First off, volatility is back, even if the VIX is not showing this to be the case. It is sitting around 14, more or less. It could be a bit higher, and that would make me feel better, but right now the number is irrelevant, other than it shows the market is not on the precipice.

  • Japanese stocks regained their footing today after a number of sessions of volatility

The Nikkei is all over the map, as are the US markets, which makes “the market” quite unpredictable.

  • Stocks opened higher on Tuesday as supportive comments from central banks around the world reassured investors that monetary policies designed to support the global economy would remain in place.

The Dow opened with a bang this morning, climbing higher above 200 and is now lower, but still solidly in the green. Is this movement about the global central banks or are there other reasons?

  • The Conference Board’s Consumer Confidence Index, hit a five-year high in May. The index was reported at 76.2, which was well above the consensus expectation for a reading of 71.7, and also above last month’s revised reading of 68.1.
  • At least seven states other than California — among them Connecticut, Utah and Wisconsin — have reported budget surpluses in recent weeks …
  • U.S. home prices jumped 10.9 percent in March compared with a year ago, as a growing number of buyers bid on a tight supply of homes, driving prices higher.

The latter is both good news and bad, as I wrote about the other day, but the other two are solid reasons for the market to bounce higher. The fact that the big economic states are turning the corner on their serious debt issues speaks to what I have been saying for some time – the US economy is building toward a major expansion. Consider this – if ranked globally, California would be the 8th largest economy in the world. Now that is adding some punch to a US economy that has been growing slowly for over four years. And let us not forget …

  • The United States posted its biggest monthly budget surplus in five years in April.

Now, I hope the federal government does not go wild with the revenue change, but the reality is pressure will build to spend some of that money and that means a slight reversal of the job-cutting trend that has marked the Obama Presidency. As well, it will create private sector jobs as the US government begins repairing the US infrastructure, which it will because that means spending in republican districts, as well as democratic districts. All of this means a market that will continue to trend upward for a long time.

Yet, the US is one thing and Japan and China are another. Japan is poised to turn the corner economically, but the jury is still out on whether its spending splurge will work. Me thinks it will, and I am not alone.

  • Japan’s economy grew at an annual rate of 3.5% in the first three months of 2013, Japan’s Cabinet Office said Thursday. The expansion was much quicker than the 2.7% increase expected by analysts.

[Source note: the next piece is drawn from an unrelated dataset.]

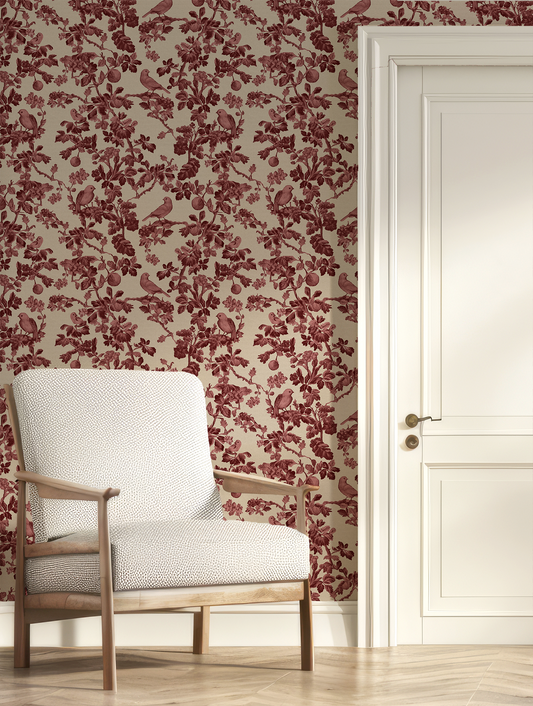 White armchair against a wall with red floral wallpaper and a white door.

Heck, that GDP growth is better than the US and just about half of the hottest economy around – China. There is some counter-intuitive news on that front as well, and it speaks to more stable global economic growth.

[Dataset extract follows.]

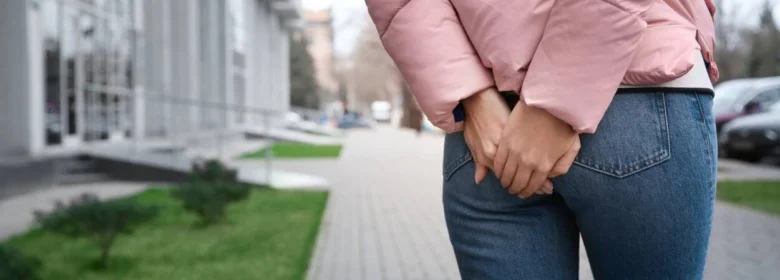 Osoba drží ruce na zadku v ulici.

  • China prepares world for lower growth. Chinese Premier Li Keqiang has added to the campaign to get the world used to slower economic expansion in China as it embarks on reform, saying the country needs an annual expansion of 7% in order to double per capita GDP by 2020.

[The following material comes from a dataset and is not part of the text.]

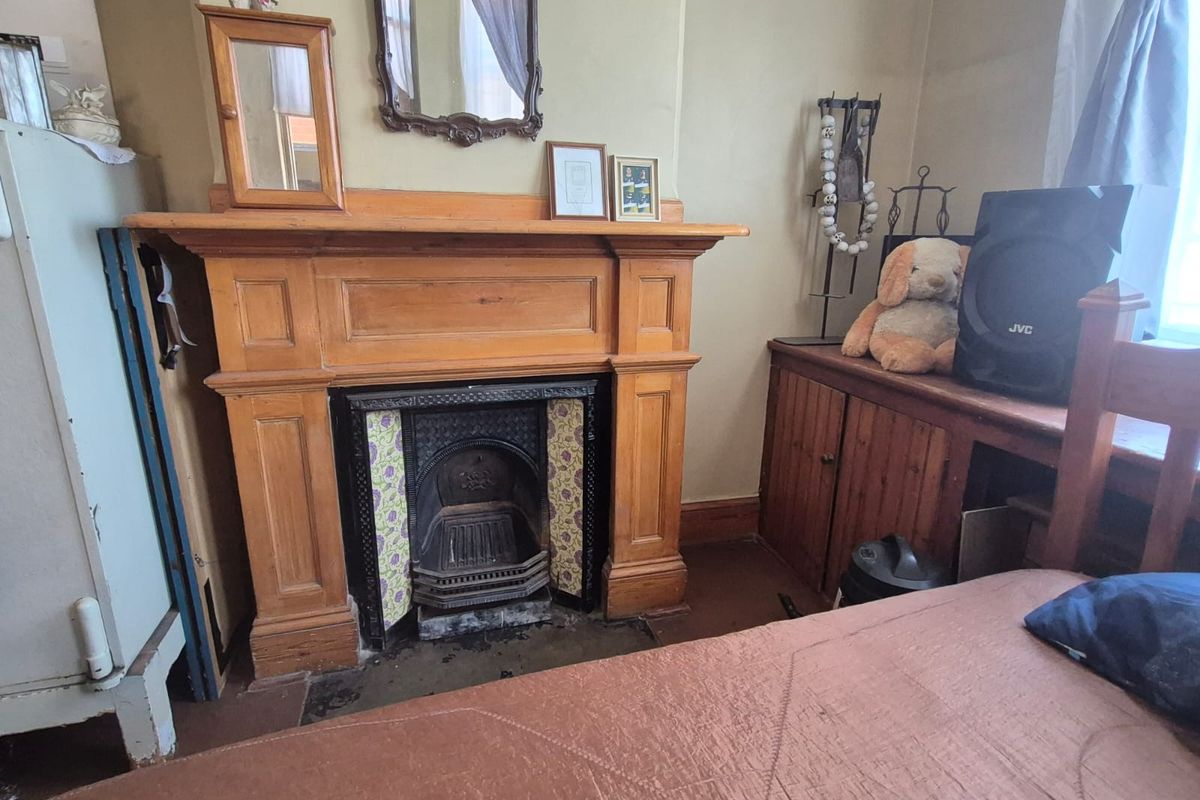 A bedroom featuring a traditional wooden fireplace mantel with a decorative cast iron insert and built-in wooden cabinetry.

It is good news that China is purposefully slowing it growth for many reasons, but the fact remains it will still grow faster than any other of the big three economies. In this context, consider the following. Although it will be tough for China to double its per-capita growth in seven years, it will still be a much bigger economy no matter. And if Japan grows at 3% for those same seven years, it too will be a bigger economy and if the US only grows at 2%, the world economy will be much, much bigger. Now, throw in the largest economy on the planet (the EU) growing at 1% for the same period, and you have lots and lots of growth, the one thing the market likes almost as much as bigger earnings.

Bottom line? No matter how much the market bounces around day-to-day because of global central bank policy, in the end, it is the global economy that matters more.